This documentary was something I wanted to watch the second I saw it on Netflix and thankfully it didn’t disappoint. While some of the far right members tried to come across as your average Joe, actually delving more into their background while watching the documentary showed just how bigoted they really are, despite how they were perceived in the documentary.

Four Hours at the Capitol documents the four hours that Trump supporters tried to take hold of the Capitol in America during the election. During these four hours multiple people died including Trump supporters and the police and many more were injured and traumatised by the event. I can’t imagine what must’ve been going through those police men and women’s minds seeing all these crazy people coming for them and not knowing who’s carrying a firearm and whether they’re going to live to see the end of it.

In this documentary we get to see both sides of the coin, we talk to supporters of Trump, the ones that stormed the Capitol as well as the service men and women that were trying to defend it. As well as a lot of the government officials who were in the building at the time that all this was going down and how scary that situation was for them.

As I said at the start of this review some of the people who joined in on storming the Capitol came across in the documentary as activists or reporters or independent filmographers, but when you actually searched who they worked for on Google most of them were still far right supporters that probably would’ve stormed the Capitol anyway, and were using their job titles as a scapegoat to seem less connected to the other peoples’ beliefs. This really shows you that even in a documentary you have to make sure that you understand who your sources are, because you could easily be just a reporter for this newspaper I’ve never heard of, but that newspaper is rife with fake news and conspiracy.

The scariest part of all of this was it was the president at the time, Donald Trump, who was advocating for this sort of situation to happen. He was the one that had indoctrinated all these men and women and he was the one that was cheering them on, even silently, to do what they were doing. You could say he wasn’t cheering them on, but he was, by not telling them to stop or to disband and only at the end of those four hours when Trump finally sent out a video on Twitter telling them to go home did they actually listen. It’s terrifying how easy people can be indoctrinated into a cult mentality and follow their leader blindly, even when what their leader is calling for could cost people their lives.

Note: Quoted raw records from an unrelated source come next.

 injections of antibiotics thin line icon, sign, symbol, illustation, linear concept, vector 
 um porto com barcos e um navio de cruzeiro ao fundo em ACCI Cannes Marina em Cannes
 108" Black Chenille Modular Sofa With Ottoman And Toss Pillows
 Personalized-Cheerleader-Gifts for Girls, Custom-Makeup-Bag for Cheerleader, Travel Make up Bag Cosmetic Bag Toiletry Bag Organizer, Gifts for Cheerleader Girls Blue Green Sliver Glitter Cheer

This is an absolutely brilliant documentary with a lot of the footage being directly from the storming of the Capitol, from the body cams of the police people as well as found footage from the Trump supporters. It gave you a brilliant timeline of events and it really showed how when you push a small minority to the edge they will do unspeakable things to try and get their way. While these people do have very large voices in what they were doing we have to remember that they are the minority and most people are much more contained and understanding than these people that thought that they could take over the Capitol.

I do hope that things like this don’t happen again or at least if they do they are for the right reasons. In this situation the Trump supporters thought that Trump had won his presidency again for another four years however he hadn’t, and they were coming up with a conspiracy that votes had been tampered with to make sure that he didn’t win. We know that this is not true but when you’re so stuck in a cultist mentality it’s very hard to see the wood for the trees and so, if it was to happen again I hope it would be under honest and truthful reasons rather than a load of people thinking that their leader should’ve won the election despite the obvious truth that he did not.

What did you think of the documentary?